-- Robert Preidt
MONDAY, Nov. 22 (HealthDay News) -- Infants with Down syndrome
who weigh less than 3.5 pounds at birth are at high risk for heart
and lung disorders that increase their chances of dying, a new
study has found.
U.S. researchers analyzed the medical records of more than
50,000 very low birth weight (VLBW) infants who weighed between
0.875 pounds and 3.5 pounds at birth. They found that among this
group of babies, those born with Down syndrome were about 2.5 times
more likely to die during infancy than the other VLBW babies.
This increased risk of death was due in part to their higher
rates of heart, lung and digestive tract disorders, and
life-threatening blood infections, the study authors noted.

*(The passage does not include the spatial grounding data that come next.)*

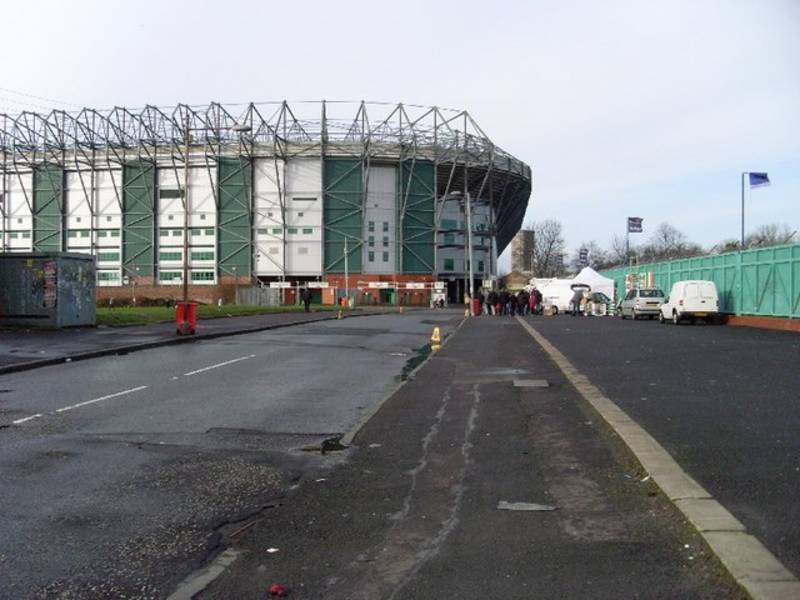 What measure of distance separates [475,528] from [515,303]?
145 feet

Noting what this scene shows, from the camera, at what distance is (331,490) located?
19.8ft

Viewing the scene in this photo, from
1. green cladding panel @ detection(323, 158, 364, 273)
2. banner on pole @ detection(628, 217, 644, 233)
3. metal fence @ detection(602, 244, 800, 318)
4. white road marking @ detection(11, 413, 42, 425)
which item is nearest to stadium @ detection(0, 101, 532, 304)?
green cladding panel @ detection(323, 158, 364, 273)

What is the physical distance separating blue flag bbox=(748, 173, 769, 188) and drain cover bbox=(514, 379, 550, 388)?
40.8 metres

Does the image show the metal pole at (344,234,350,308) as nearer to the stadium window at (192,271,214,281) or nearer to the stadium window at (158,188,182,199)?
the stadium window at (192,271,214,281)

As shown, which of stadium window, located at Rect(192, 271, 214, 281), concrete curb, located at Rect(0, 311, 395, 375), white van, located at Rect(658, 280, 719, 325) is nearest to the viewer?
concrete curb, located at Rect(0, 311, 395, 375)

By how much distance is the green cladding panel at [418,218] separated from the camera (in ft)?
270

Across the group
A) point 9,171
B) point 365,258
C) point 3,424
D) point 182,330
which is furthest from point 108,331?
point 9,171

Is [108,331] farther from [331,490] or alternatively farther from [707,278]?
[707,278]

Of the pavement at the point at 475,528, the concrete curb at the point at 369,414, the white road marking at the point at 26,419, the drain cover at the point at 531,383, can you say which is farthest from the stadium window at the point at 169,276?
the pavement at the point at 475,528

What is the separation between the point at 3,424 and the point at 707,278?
30.5 meters

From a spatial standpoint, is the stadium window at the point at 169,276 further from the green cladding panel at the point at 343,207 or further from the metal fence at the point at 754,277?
the metal fence at the point at 754,277

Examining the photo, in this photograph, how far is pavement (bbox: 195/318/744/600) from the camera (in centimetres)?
399

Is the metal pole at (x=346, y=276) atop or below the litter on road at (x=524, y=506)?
atop

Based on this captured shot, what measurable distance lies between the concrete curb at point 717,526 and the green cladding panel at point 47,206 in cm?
8812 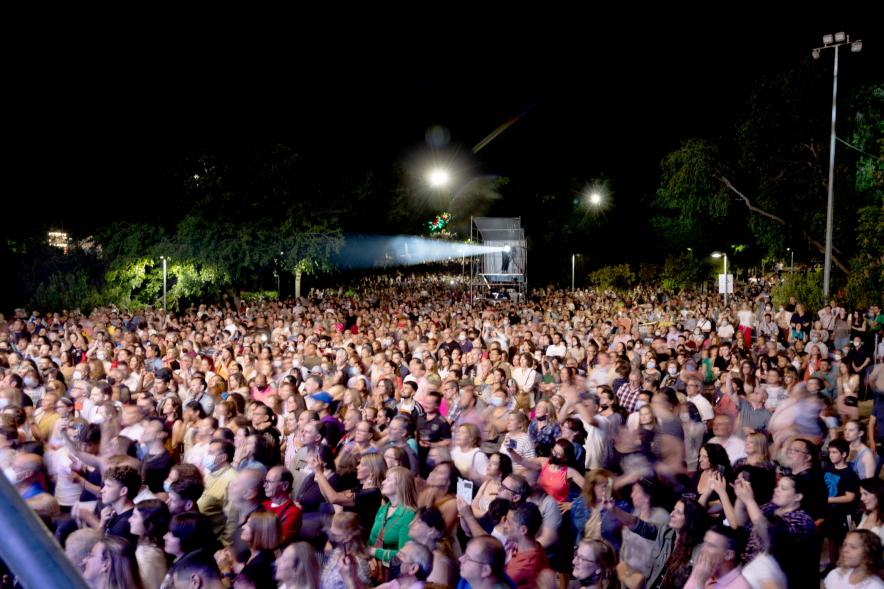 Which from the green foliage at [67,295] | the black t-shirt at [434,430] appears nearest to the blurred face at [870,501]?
the black t-shirt at [434,430]

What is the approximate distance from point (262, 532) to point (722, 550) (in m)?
2.29

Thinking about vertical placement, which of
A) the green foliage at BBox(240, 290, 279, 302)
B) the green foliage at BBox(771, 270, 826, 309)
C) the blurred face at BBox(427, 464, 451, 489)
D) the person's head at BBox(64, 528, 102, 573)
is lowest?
the person's head at BBox(64, 528, 102, 573)

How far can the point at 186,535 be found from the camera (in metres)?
3.80

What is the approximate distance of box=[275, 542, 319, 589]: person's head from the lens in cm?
349

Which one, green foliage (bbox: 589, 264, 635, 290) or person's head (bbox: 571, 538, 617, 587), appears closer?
person's head (bbox: 571, 538, 617, 587)

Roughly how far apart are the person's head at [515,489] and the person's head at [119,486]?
2224mm

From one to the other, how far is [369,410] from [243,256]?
2043 centimetres

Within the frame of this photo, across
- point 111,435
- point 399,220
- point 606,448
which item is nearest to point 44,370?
point 111,435

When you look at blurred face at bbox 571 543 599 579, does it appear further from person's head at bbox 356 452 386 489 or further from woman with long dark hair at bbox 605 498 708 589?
person's head at bbox 356 452 386 489

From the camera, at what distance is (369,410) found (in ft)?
21.8

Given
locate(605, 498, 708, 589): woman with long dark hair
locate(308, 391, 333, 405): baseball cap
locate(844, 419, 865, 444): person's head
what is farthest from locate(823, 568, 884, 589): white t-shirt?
locate(308, 391, 333, 405): baseball cap

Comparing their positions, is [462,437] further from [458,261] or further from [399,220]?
[458,261]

However, the researchers also found that Down syndrome infants
were less likely than other VLBW infants to develop retinopathy of
prematurity, a vision problem caused by overgrowth of blood vessels
in the retina.
The study findings, published online Nov. 22 in the journal
Pediatrics, may help guide the care and treatment of VLBW Down syndrome infants, the authors suggested.
"Previously, health professionals caring for very low birth weight Down syndrome infants had to base treatment decisions on studies of the general population of very low birth weight infants and on studies of infants with Down syndrome who may not have been of low birth weight," senior author Dr. Rosemary D. Higgins, of the National Institute of Child Health and Human Development, said in a U.S. National Institutes of Health news release.
"Our study provides much needed information for practitioners and families making treatment decisions for this unique group of patients," she added.